Seul, Coreia do Sul. 24 de setembro de 2023.

● Park Jimin ●

Nem as nuvens ousam sujar o céu pintado em várias gradações de azul.

Através das paredes de vidro do salão de embarque, observo.

Até mesmo o sol só se manifesta para realçar as nuances de índigo e cobalto do meio-dia no infinito acima de nós e o verde dos gramados que ladeiam a pista de pouso do aeroporto de Incheon. Uma revoada de pássaros negros, contudo, surge no azul imperturbável e risca a paisagem, migrando em direção ao sul. Eles cortam os céus, indomáveis, pairam em meio às correntes de vento e somem na linha cinérea do horizonte urbano além da campina, onde o anis enfraquece entre as montanhas de metal e concreto da metrópole.

Lá, os arranha-céus cedem seus ares extravagantes a Seul, a cidade que deixo para trás, não para viajar livre em direção ao futuro, mas para me reencontrar com um passado que prefiro esquecer. Uma onda de memórias traumáticas me ameaça e eu a empurro para um lugar escuro da mente. Afago as palmas das mãos em um gesto apaziguador e respiro fundo, seguro. Não terei uma crise hoje, tomei o remédio, me lembro. Ainda assim, um calafrio percorre minha nuca. Fito o céu e me apego ao pensamento sobre os pássaros para me distrair.

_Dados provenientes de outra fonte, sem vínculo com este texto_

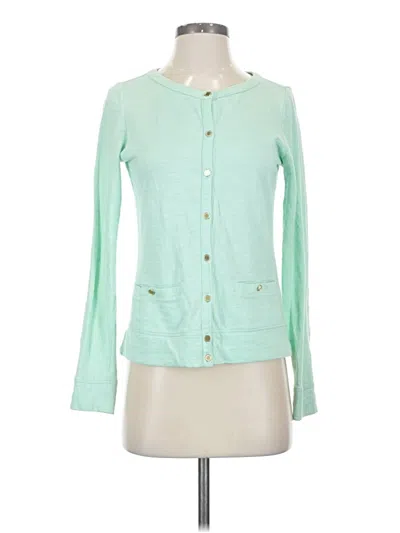 Pre-owned Lands' End Cardigan Sweater In Teal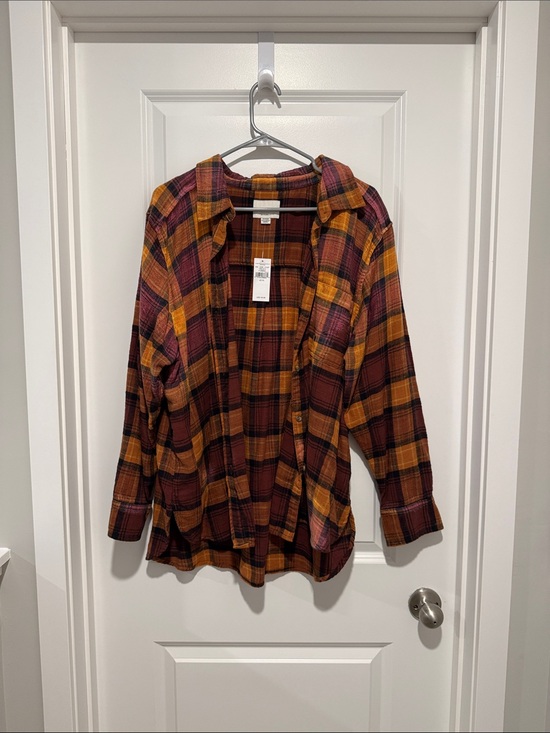 American Eagle Outfitters Tops - NWT American eagle oversized washed flannel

Admiro-os. Eles viajarão por quilômetros a fio até chegar aos seus destinos e conhecer um pouco mais desse ciclo cabalístico que é a vida, sem medo do que está por vir. Para eles, cada limite representa um novo começo, uma nova aventura. Sorrio forçado e os invejo, uma vez que fui preso em uma redoma pelo medo, enquanto os pássaros ostentam liberdade. Para mim, cada começo representa um novo limite, um novo tormento. Solto um suspiro cansado e o céu sobre a pista de pouso deixa de ser meu foco. Encontro-me comigo mesmo.

Vejo meu reflexo diáfano como um espectro na parede de vidro do salão de embarque. Esse sou eu. Por fora, um cara qualquer, tranquilo à espera do voo, vestindo jeans, camiseta, jaqueta de couro, botas e chapéu bucket, todos pretos. No entanto, a ausência de cores revela a rachadura nessa suposta serenidade: meu humor. Em mim, todas as cores morrem em um luto amargo. Sou caos por dentro porque uma velha inimiga, a ansiedade, me segue como o coiote persegue o Papa-léguas, me bagunçando, descontrolando, machucando.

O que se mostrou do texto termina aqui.